Ancient UNIX; was Re: [Gllug] loadavg

Ian Northeast ian at house-from-hell.demon.co.uk
Thu Jan 27 00:00:20 UTC 2005


Nix wrote:
> On Tue, 25 Jan 2005, Ian Northeast said:
> [snip fascinating wonderful weird tale]
> 
>>Anyone else here ever seen UNIX function with no IP stack? I did, last
>>year.
> 
> 
> Hasn't everyone?
> 
> In my case it was an SGI Indigo (not Indy) back in 1992 or thereabouts:
> the local hardware deity had been cleaning the (hideously filled with
> metallic dust) inside with a tiny custom-modified vacuum cleaner, when
> a capacitor or something on the NIC snapped off and went zooming up
> the pipe.
> 
> But the machine was still needed, so while the hardware deity replaced
> the capacitor and modified the vacuum cleaner to blow, not suck, said
> Indigo was running with no NIC, and I was *trying* to develop on it.
> 
> It was remarkably difficult, not least because the only name it could
> resolve was `localhost'. (Whoops.)

No, I meant no IP stack. Not no interfaces. Loopback didn't exist 
either. It denied the existence of IP: "protocol not supported". In UTS 
the IP stack is not truly in the kernel, it is built by a script shortly 
after IPL (boot). There are a number of daemons to support it.

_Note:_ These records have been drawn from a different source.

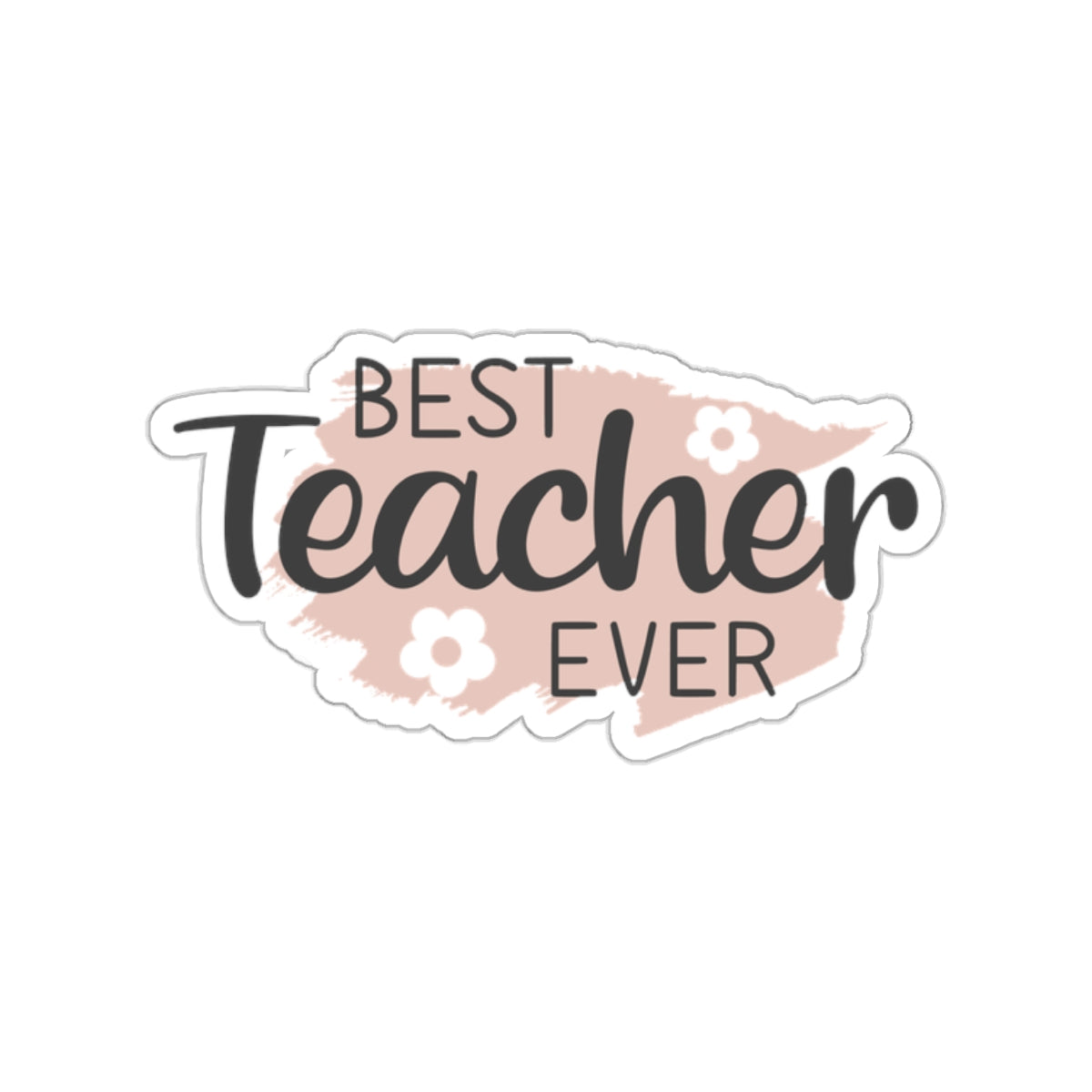 Best Teacher Ever Kiss-Cut Sticker Teacher Gift Back to School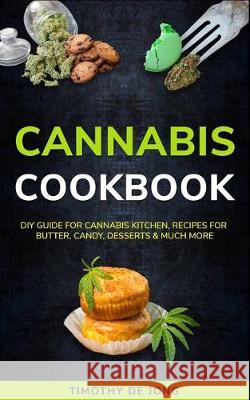 Cannabis Cookbook: DIY Guide for Cannabis Kitchen, Recipes For Butter, Candy, Desserts & Much More Timothy d 9781695589650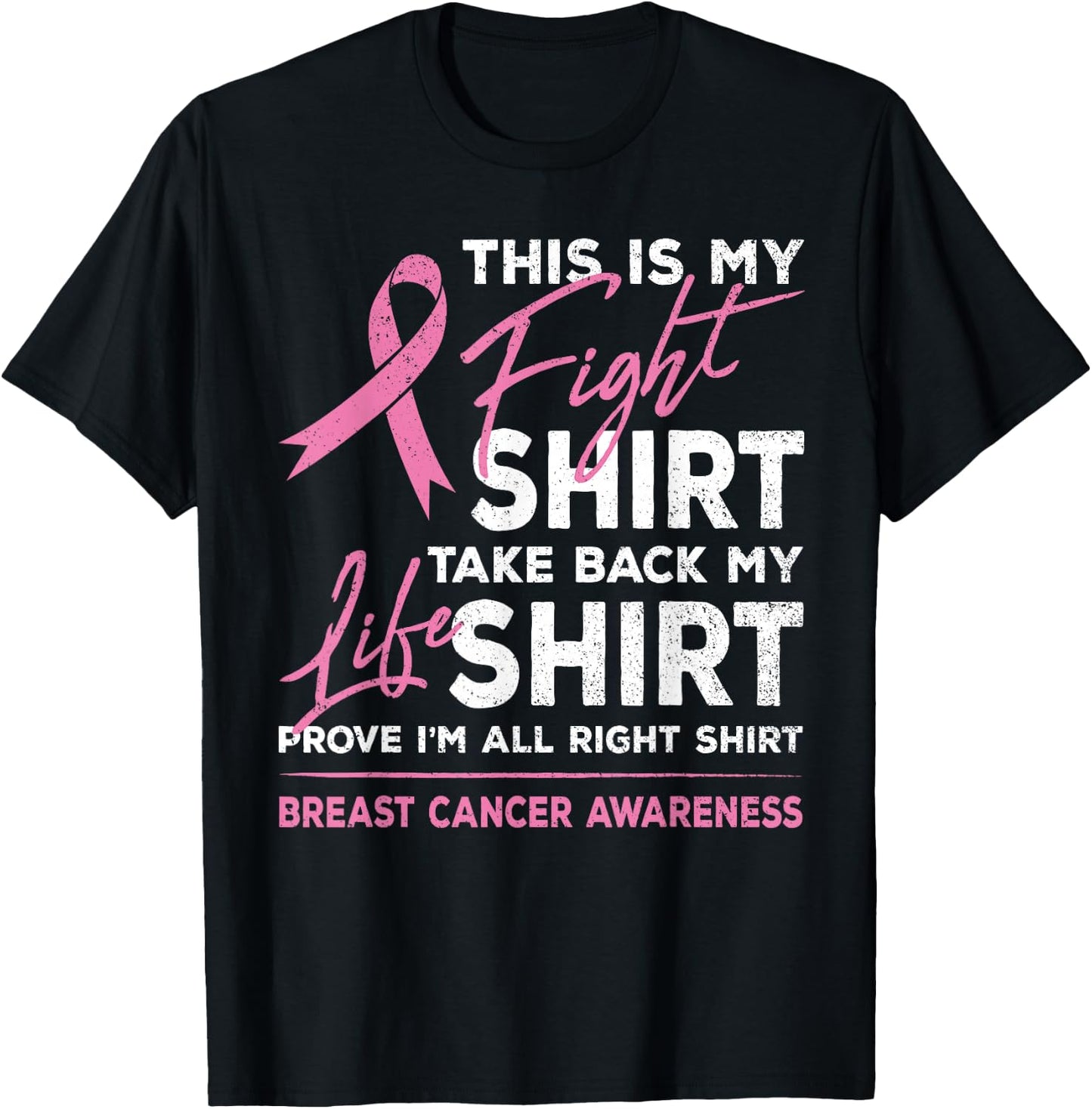 This Is My Fight Shirt Breast Cancer Awareness Pink Ribbon T-Shirt - T-Shirt | Black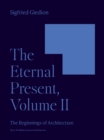 The Eternal Present, Volume II : The Beginnings of Architecture - Book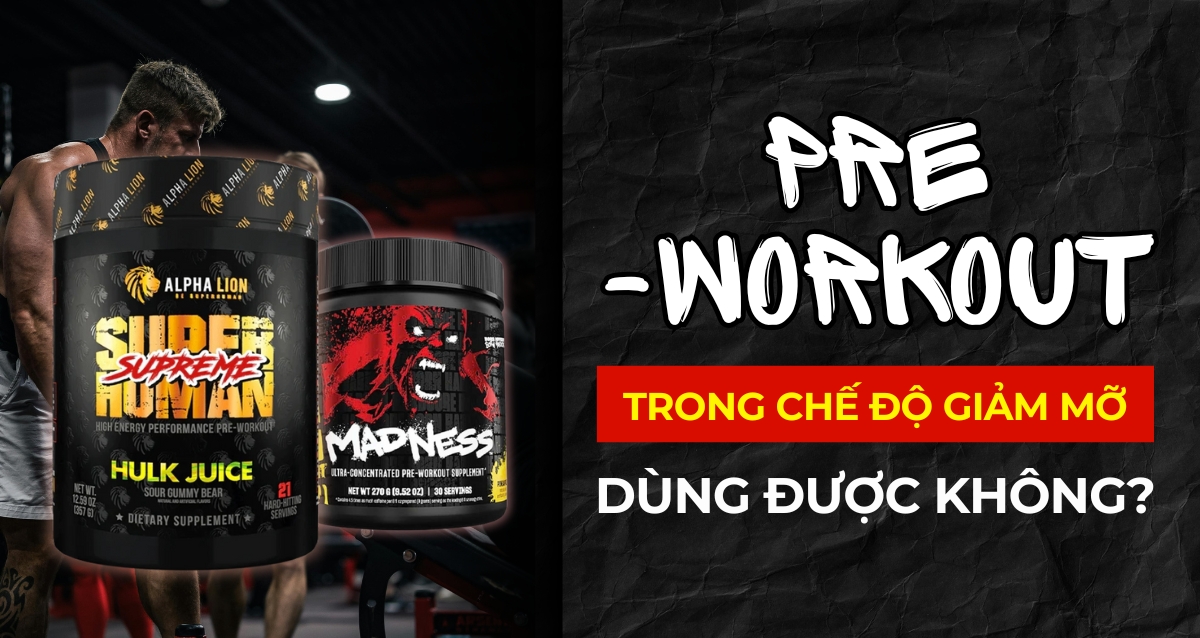 Có nên dùng Pre Workout trong giai đoạn giảm mỡ không?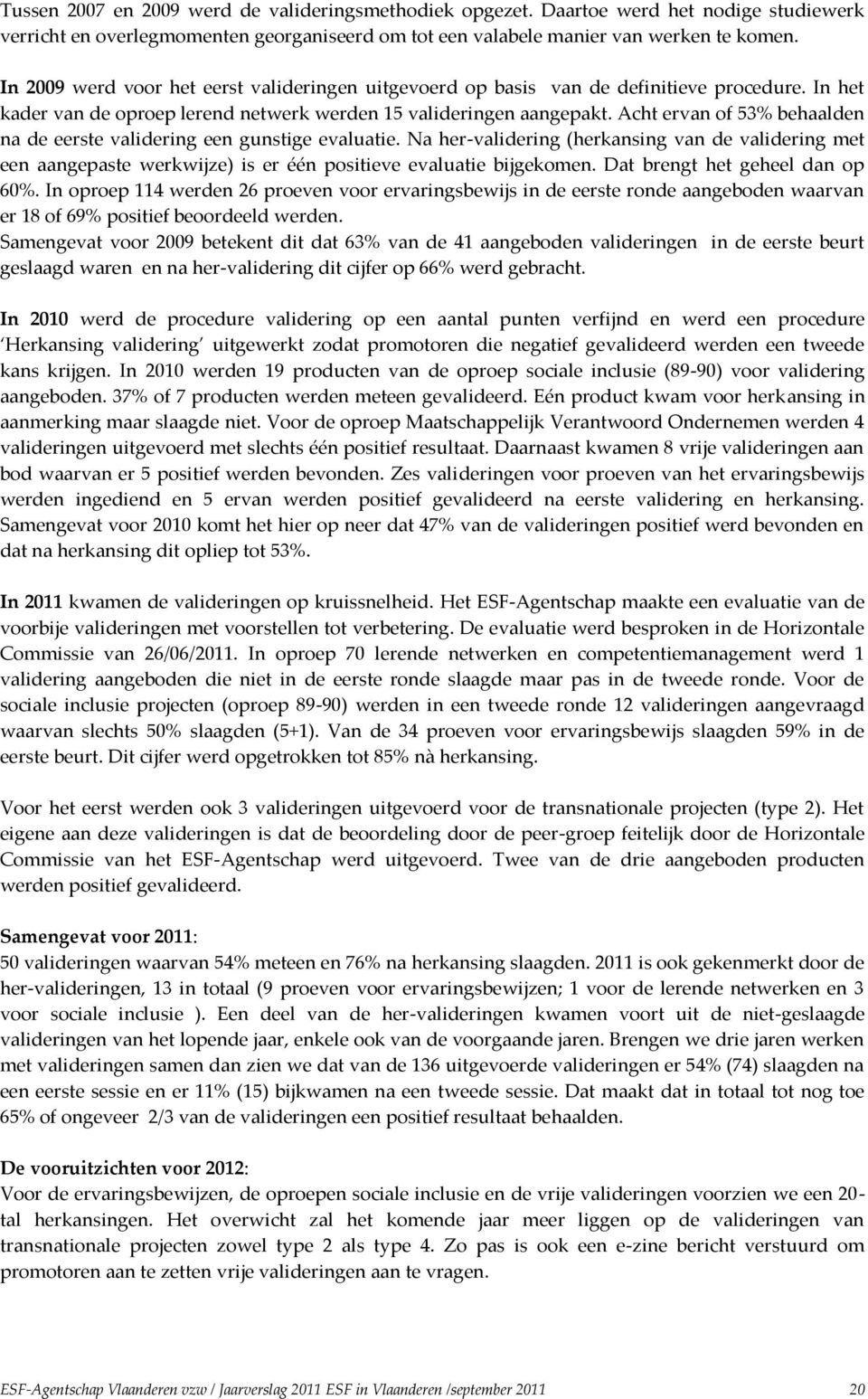 Acht ervan of 53% behaalden na de eerste validering een gunstige evaluatie. Na her-validering (herkansing van de validering met een aangepaste werkwijze) is er één positieve evaluatie bijgekomen.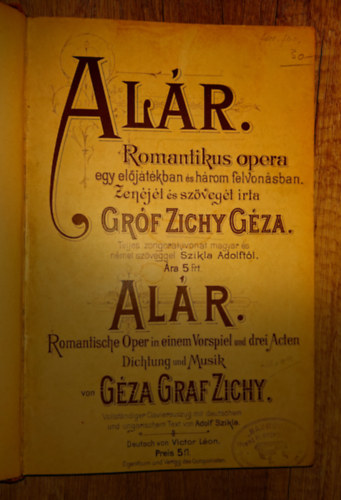gr�f Zichy G�za - Al�r - Romantikus opera egy el�j�t�kban �s h�rom felvon�sban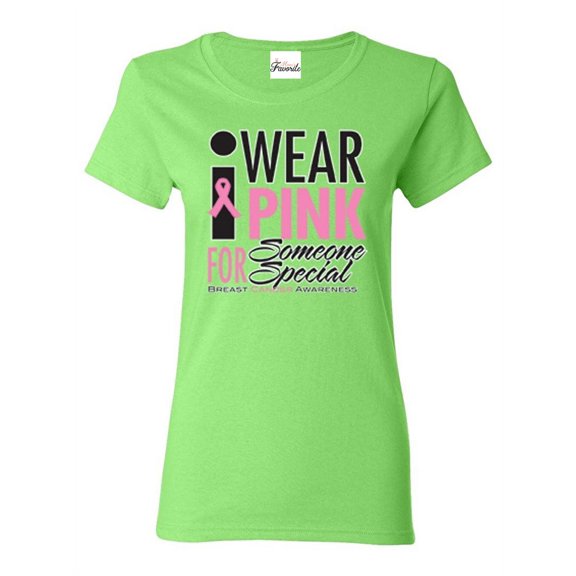Women's T-Shirt Short Sleeve - I Wear Pink for Someone Special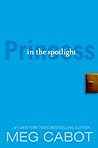 Princess in the Spotlight by Meg Cabot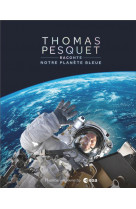 Thomas pesquet raconte notre planete bleue
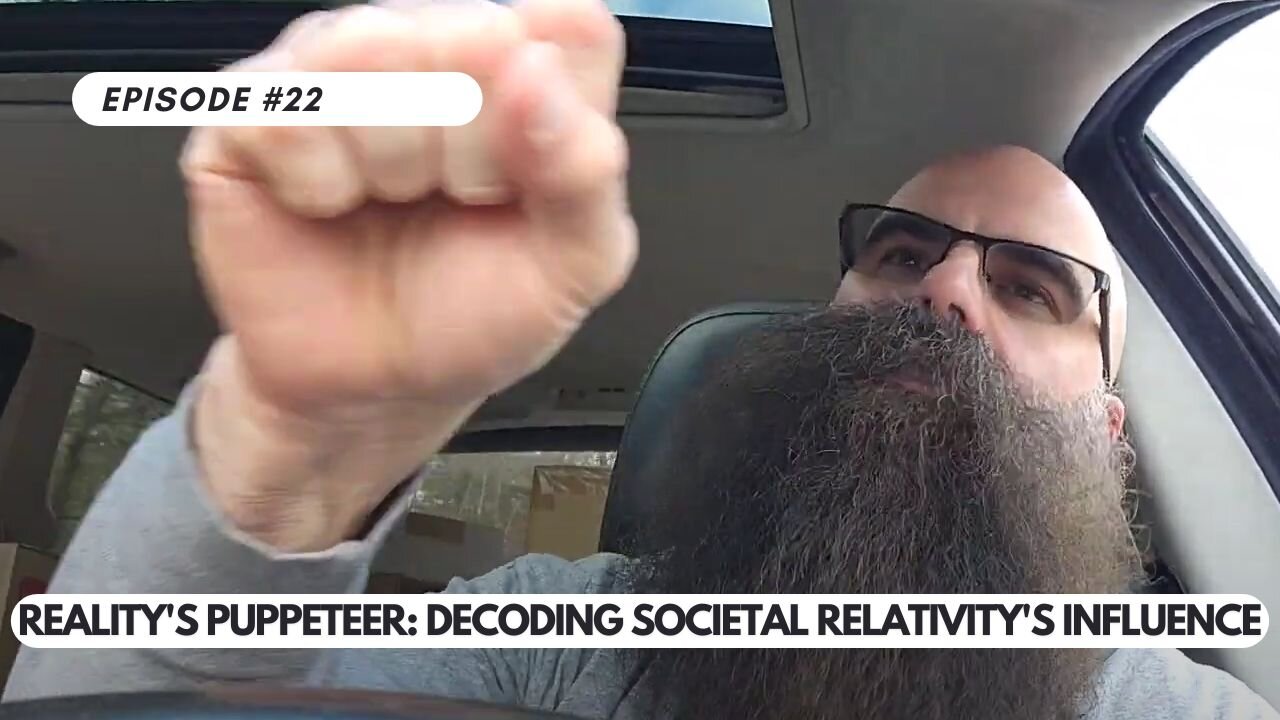 Ep #22 - Reality's Puppeteer: Decoding Societal Relativity's Influence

When the 
ethernet "cards" it wanted weren't available, the whole lot went tits 
up. All the daemons failed to start. No IP. Not at all.

It was only possible to "use" this system because it has excellent SNA 
support. This is why I know the above. I had to log in to a convenient 
zOS (MVS) machine which does both IP and SNA and hop across via SNA.

I did mention that this thing is weird didn't I?